* [What needs to be done]: Every line below from the one with "I can't get" through the one with "In short, Flexible" is to be repeated exactly, with no picture among them.

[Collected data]
━━━━━━━━━━━━━━━━━━━━

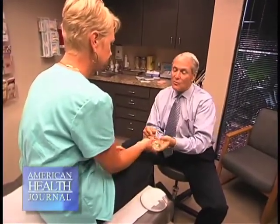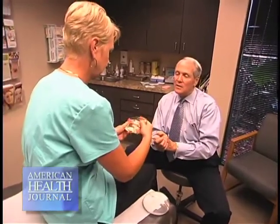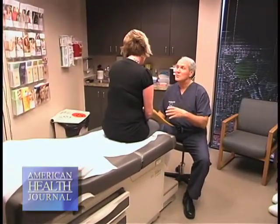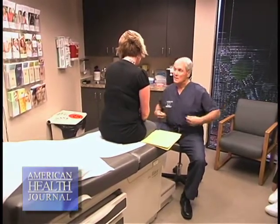The only real advantage that in my opinion saline has is that if a woman has some asymmetry, a saline implant you can inflate. So you can put in an extra 5cc, 20cc. You can't do that with silicone — you can't put a needle in the silicone implant and add 20cc's. Saline you can.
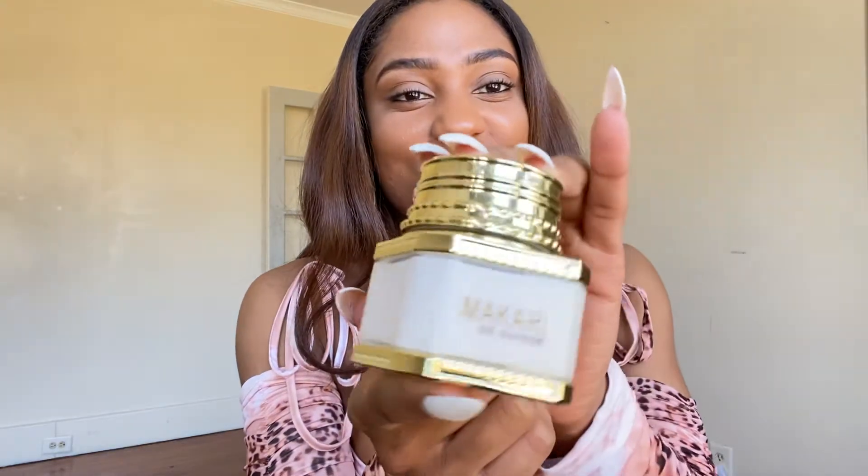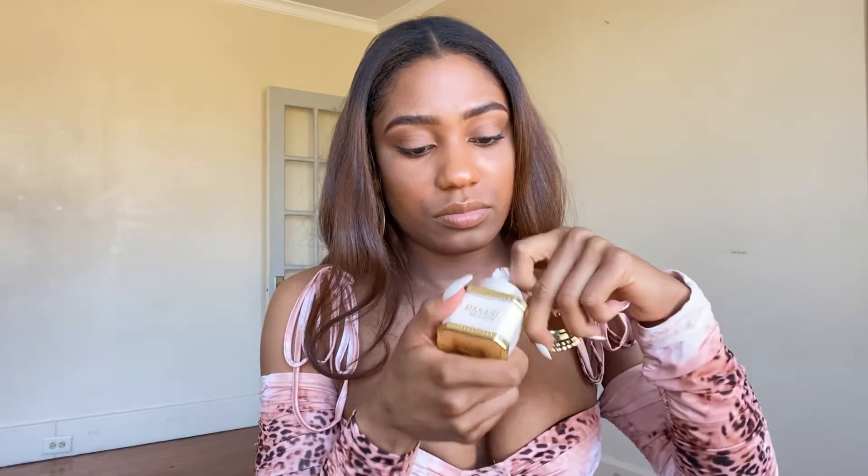I can't get over Makari's packaging — they're always so adorable. Okay, so this is what it looks like. It's really beautiful and it smells so good. First and foremost, this product has SPF 15, which is really good during the day. You need something that's going to give you that extra sun protection, especially since it's getting warmer now. We're supposed to use sunscreen all throughout the year but especially in the warmer months, and this is perfect. It's lightweight, so if you have oily skin you can use it too.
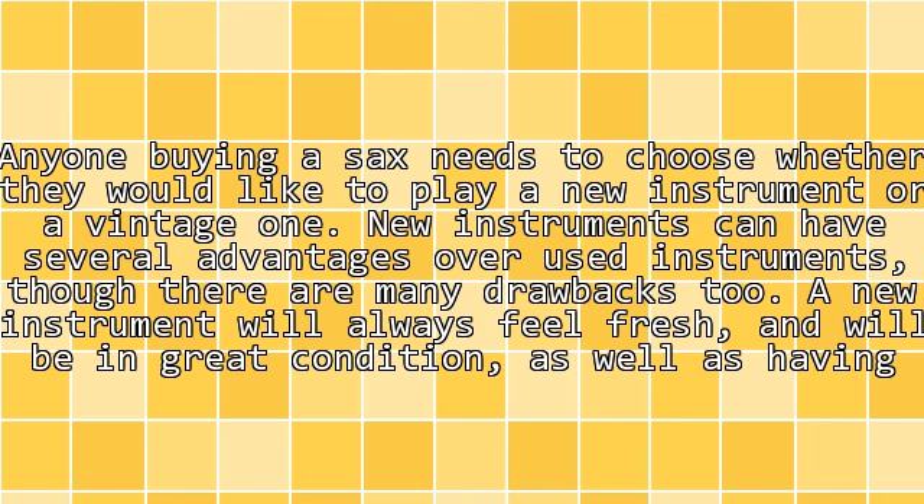Anyone buying a sax needs to choose whether they would like to play a new instrument or a vintage one. New instruments can have several advantages over used instruments, though there are many drawbacks too.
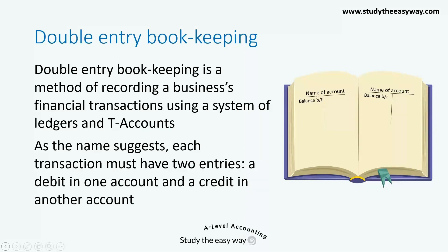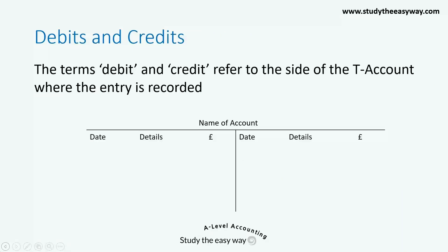As the name suggests, each transaction must have two entries: a debit in one account and a credit in another account. So what are debits and credits? The terms debit and credit refer to the side of the T-account where the entry is recorded. An entry recorded on the left-hand side of the account is called a debit, and one on the right-hand side is called a credit.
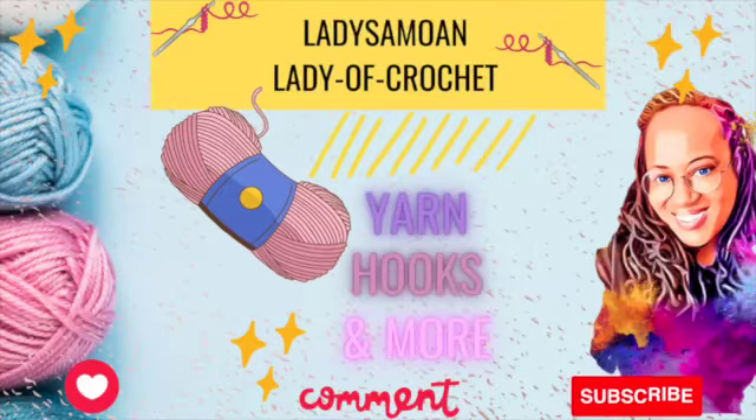I hope y'all are having a beautiful, amazing, wonderful day and a wonderful rest of your week. We're halfway to the weekend — we are halfway there! With all that being said, I will see y'all next time. Always remember, I am your one and only Lady of Crochet, Lady Simone. See you next time!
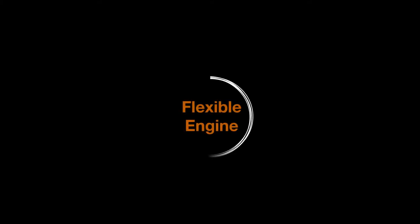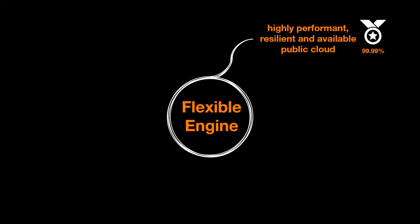In short, Flexible Engine is a highly performant, resilient and available public cloud infrastructure and platform service, which has performed in all its regions above the SLA since it was launched.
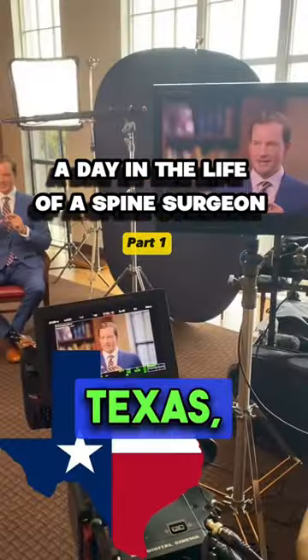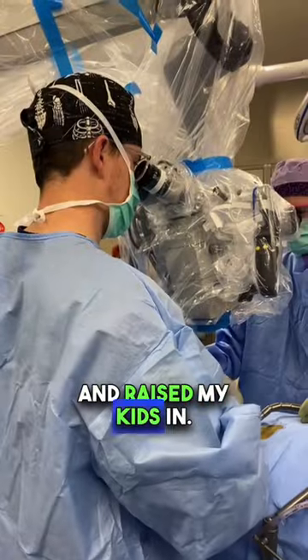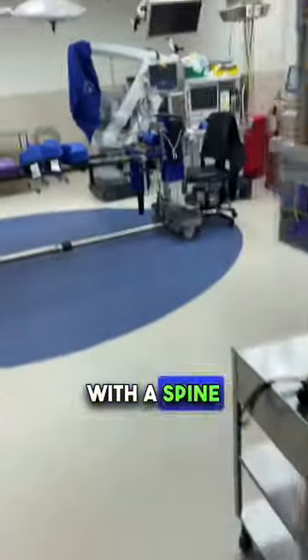I'm a spine surgeon working in Dallas, Texas — the same city I was born and raised in, met my wife in, and raised my kids in. This is my community. This is an inside look at a day with a spine surgeon.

━━━━━━━━━━━━━━━━━━━━

* [Answer space]:
I can't get over Makari's packaging — they're always so adorable. Okay, so this is what it looks like. It's really beautiful and it smells so good. First and foremost, this product has SPF 15, which is really good during the day. You need something that's going to give you that extra sun protection, especially since it's getting warmer now. We're supposed to use sunscreen all throughout the year but especially in the warmer months, and this is perfect. It's lightweight, so if you have oily skin you can use it too.
Anyone buying a sax needs to choose whether they would like to play a new instrument or a vintage one. New instruments can have several advantages over used instruments, though there are many drawbacks too.
As the name suggests, each transaction must have two entries: a debit in one account and a credit in another account. So what are debits and credits? The terms debit and credit refer to the side of the T-account where the entry is recorded. An entry recorded on the left-hand side of the account is called a debit, and one on the right-hand side is called a credit.
I hope y'all are having a beautiful, amazing, wonderful day and a wonderful rest of your week. We're halfway to the weekend — we are halfway there! With all that being said, I will see y'all next time. Always remember, I am your one and only Lady of Crochet, Lady Simone. See you next time!
In short, Flexible Engine is a highly performant, resilient and available public cloud infrastructure and platform service, which has performed in all its regions above the SLA since it was launched.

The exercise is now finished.